To gain insight into the modulative effects of CSE on the pathophysiology of scabies, epidermal keratinocytes as the first line of defense against harmful external invaders should be implemented [34]. Keratinocytes attain recognition receptors on their surfaces, allowing them to recognize various pathogens and initiate immune responses, via secretion of cytokines, chemokines, and anti-microbial peptides, which contribute to the recruitment of inflammatory cells [34,35]. Keratinocytes play a significant role in the regulation of skin immune homeostasis and any imbalance in their activities can develop a disease [36,37,38]. Our results showed that a large number of genes in both skin keratinocytes and fibroblasts are differentially expressed in response to live burrowing scabies mites, or their products (as saliva or eggs), which further activate other cell types [39,40]. Thus, there is a complex interplay (cross talk) among many other cell types in the skin (including lymphocytes, endothelial cells, LCs, and dendritic cells) in response to scabies, leading to evolution of inflammation and oxidative stress states [40]. This might enhance reactive oxygen species such as hydrogen peroxide (H₂O₂), which induces lipid peroxidation and causes harmful alterations to both structure and permeability of the skin [41,42,43]. In our study, amelioration of the altered oxidant/antioxidant balance towards normal in treated animals indicated the potential antioxidant action of coconut, supported by faster clinical and parasitological recovery. Antioxidants are thought to help manage wound oxidative stress and hence speed up wound healing [44]. They play a critical role in controlling the damage that biological components such as DNA, protein, lipids, and body tissue may sustain in the presence of reactive species [44]. The ROS scavenging potential of the extract might be the cornerstone in the management protocol since high levels of reactive oxygen species (ROS) at the wound site are the main promotor of collagen breakdown, destruction of the extracellular matrix (ECM), reduction in angiogenesis and re-epithelialization, and increasing pro-inflammatory cytokines, all which prolong inflammation [44,45].

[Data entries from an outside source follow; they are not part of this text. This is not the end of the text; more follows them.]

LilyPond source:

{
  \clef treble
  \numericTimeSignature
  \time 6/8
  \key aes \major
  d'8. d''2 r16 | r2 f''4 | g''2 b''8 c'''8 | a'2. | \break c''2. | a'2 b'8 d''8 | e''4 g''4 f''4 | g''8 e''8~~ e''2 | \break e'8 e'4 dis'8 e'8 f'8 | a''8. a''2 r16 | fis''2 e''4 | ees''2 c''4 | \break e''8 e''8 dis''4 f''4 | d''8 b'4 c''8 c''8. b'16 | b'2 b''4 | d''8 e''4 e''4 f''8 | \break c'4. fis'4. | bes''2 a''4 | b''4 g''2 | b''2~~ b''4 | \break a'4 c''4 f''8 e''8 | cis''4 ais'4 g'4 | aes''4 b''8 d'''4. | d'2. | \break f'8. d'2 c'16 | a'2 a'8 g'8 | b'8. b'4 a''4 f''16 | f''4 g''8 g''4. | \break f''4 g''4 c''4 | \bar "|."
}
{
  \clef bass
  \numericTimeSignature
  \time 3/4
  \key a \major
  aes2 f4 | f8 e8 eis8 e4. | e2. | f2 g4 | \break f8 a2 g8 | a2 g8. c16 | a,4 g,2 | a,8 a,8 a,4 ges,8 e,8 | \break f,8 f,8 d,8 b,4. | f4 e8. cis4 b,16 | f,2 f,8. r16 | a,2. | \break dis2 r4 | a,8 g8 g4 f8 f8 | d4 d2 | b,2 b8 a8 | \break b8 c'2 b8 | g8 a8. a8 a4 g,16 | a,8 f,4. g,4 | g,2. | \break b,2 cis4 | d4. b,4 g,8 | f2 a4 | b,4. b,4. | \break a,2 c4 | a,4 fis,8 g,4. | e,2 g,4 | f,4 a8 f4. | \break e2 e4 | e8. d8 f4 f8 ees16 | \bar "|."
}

Reports state that penetrating mites sensitize the skin keratinocytes and tend to suppress the body’s immunity by downregulating the gene expression of i-CAM-1 (an intracellular adhesion molecule on the endothelial cell surface), which reduces the supply of blood and immunity cells to the area of penetration and diminishes both lymphocytes’ and neutrophils’ protective mechanisms [46]. On the contrary, the infection upregulates the chemokine MCP-1, which activates immune cells to promote inflammation [47]. Likewise, the regulatory T cells (type 1) are elicited to secret IL-10, which is an anti-inflammatory cytokine that plays a crucial role in preventing inflammatory and autoimmune pathologies in humans so clinical symptoms are unobserved until 4–6 wks after a person becomes infested with scabies mites [11,46]. Additionally, the keratinocytes sensitized by mite products tend to increase expression of VEGF, which is also increased by the mites themselves to increase angiogenesis, through which the mites enhance the surrounding blood supply to obtain requirements from the food, a process that further exaggerates inflammation [11]. As a result, KGF receptor signaling is diminished, which further reduces the proliferation rate of epidermal keratinocytes at the wound edge, resulting in delayed re-epithelialization of the wound. The inflammation also causes a significant elevation of matrix metalloproteinase (MMP-9) which belongs to MMPs—a group of hydrolase enzymes expressed in many overwhelming cases such as wounds, osteoarthritis, ischemia, and infectious diseases [46,48]. MMP-9 is implemented in nearly all parasitic infections for purposes of tissue remodeling and generally results in the downregulation of ECM syntheses such as collagen II and aggrecan [49]. The biological activities of MMPs are strictly controlled by TIMP-1 (tissue inhibitor of metalloproteinase) and upon the imbalance in the MMPs/TIMPs ratio, proteolysis occurs [50].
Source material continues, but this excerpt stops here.